Identification of rare coding EFEMP1 variants in three families with JOAG.
Whole exome sequencing was completed for selected affected and unaffected family members, and exome data was filtered to retain rare variants (MAF < 0.1%) that were protein altering and predicted to be pathogenic using in silico programs. Mutations were identified in known disease-causing genes in 4 families, three withMYOC mutations (p.Ter505Trpext*42; p.Gln337Arg; p.Thr438Ile) and one with a PAX6 mutation (p.Tyr296*). Novel variants of interest (Table S2) were further evaluated for co-segregation with disease in each pedigree using Sanger sequencing. Rare EFEMP1 (MIM: 601548) coding variants (GenBank: NM_001039348.3) were identified in all affected individuals of 3 of the remaining families as follows: (c.238A>T, p. Asn80Tyr) in 16 affected individuals of Family A and not in 18 unaffected family members older than age 18; (c.1480T>C, p. Ter494Glnext*29) was identified in 17 affected family members in family B and not in any family members older than age 18. One Family A member (age 13) and 4 Family B members (ages 7-12) were identified as mutation carriers, but are likely to be too young to manifest disease. Additionally, a third variant (c.1429C>T, p.Arg477Cys) was identified in a single case (Family C) (Figure 1A).

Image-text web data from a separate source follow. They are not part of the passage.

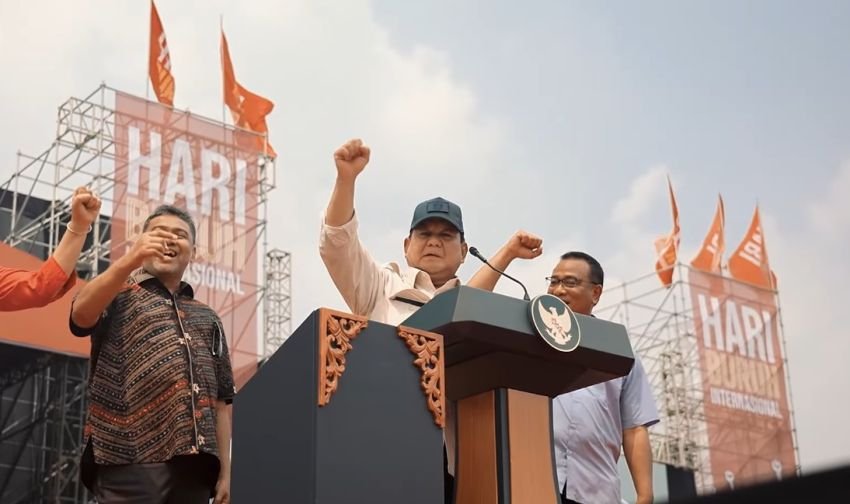 KSPSI Ungkap Siapkan Kejutan di May Day 2026, Presiden Prabowo Akan Umumkan Arah Kebijakan Baru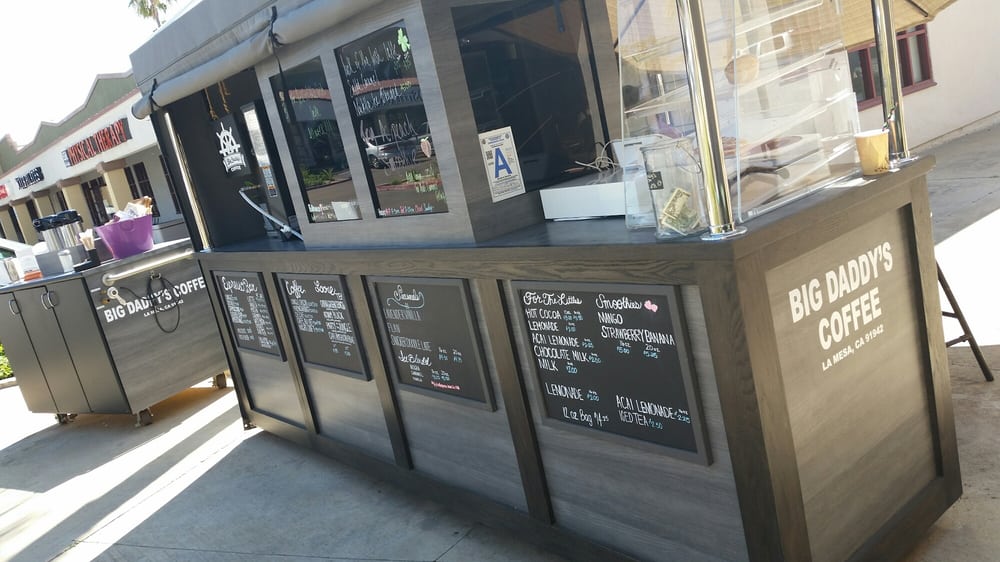 The Owner Is So Nice Coffee Excellent Too In Same Photo Of Big Daddy S Coffee La Mesa Ca United States The Owner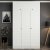 Armoire Minar 135 x 52 x 210 cm - Blanc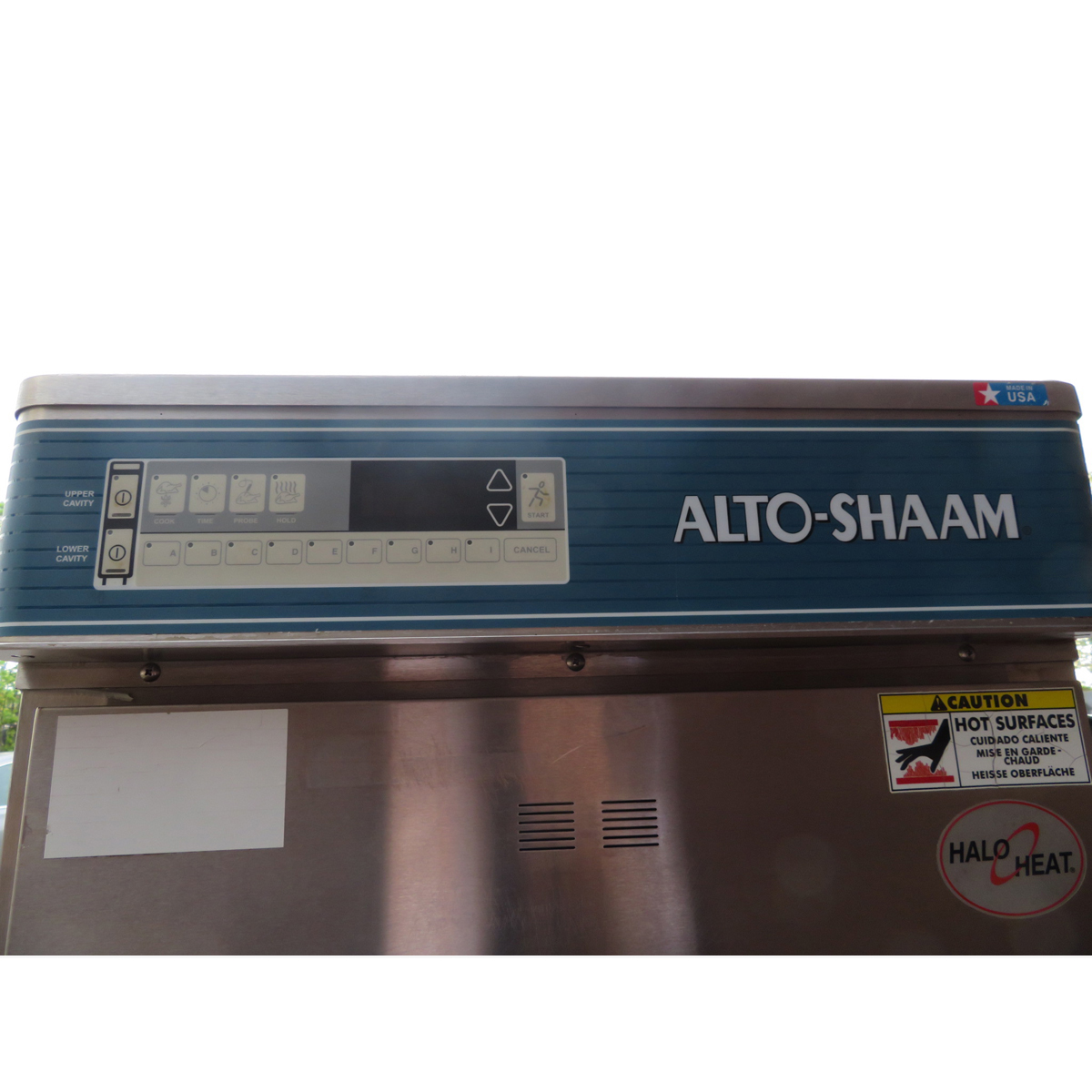 Alto Shaam 1200-TH/III Electronic Cook & Hold Oven, Used Very Good Condition image 4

Patients with EFEMP1 variants (N= 34 in total for all three families) exhibited severe disease with average age of disease onset of 16 years (range 3-43). Affected individuals had much higher than average IOP (28mmHg) and 76% were blind in at least one eye (Table 1). The majority of patients required surgical treatment for IOP elevation, however not all patients had access to clinical care. Retinal examination did not reveal evidence of subretinal deposits (drusen) characteristic of MLVT/DHRD in affected individuals (Figure 2).

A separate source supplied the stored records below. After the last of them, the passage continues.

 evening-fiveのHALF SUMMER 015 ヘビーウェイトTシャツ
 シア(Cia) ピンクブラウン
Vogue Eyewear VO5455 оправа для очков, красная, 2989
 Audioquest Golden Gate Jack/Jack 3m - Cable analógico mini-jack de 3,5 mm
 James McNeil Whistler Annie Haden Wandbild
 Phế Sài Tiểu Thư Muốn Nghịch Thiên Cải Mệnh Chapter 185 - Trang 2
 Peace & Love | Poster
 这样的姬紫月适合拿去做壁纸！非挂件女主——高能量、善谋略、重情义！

The three variants p.Asn80Tyr, p.Ter494Glnext*29, and p.Arg477Cys, identified in affected individuals are not present in population databases including gnomAD and TOPMed and have not been previously reported (the stop loss variant, p.Ter494Glnext*29 is not the same variant as reported in a small Chinese adult onset glaucoma family) (Liu et al., 2020). All three variants are predicted to be deleterious by in silico programs SIFT and Polyphen2 (Table S3). p.Asn80Tyr is located within the first EGF-domain, while p.Arg477Cys and p.Ter494GLNext*29 are within the terminal fibulin-like carboxy terminal domain. p.Ter494GLNext*29 results from replacement of the wild type stop codon with a glutamine residue and the addition of 29 amino acid residues to the polypeptide before a stop codon is encountered (Figure 1B).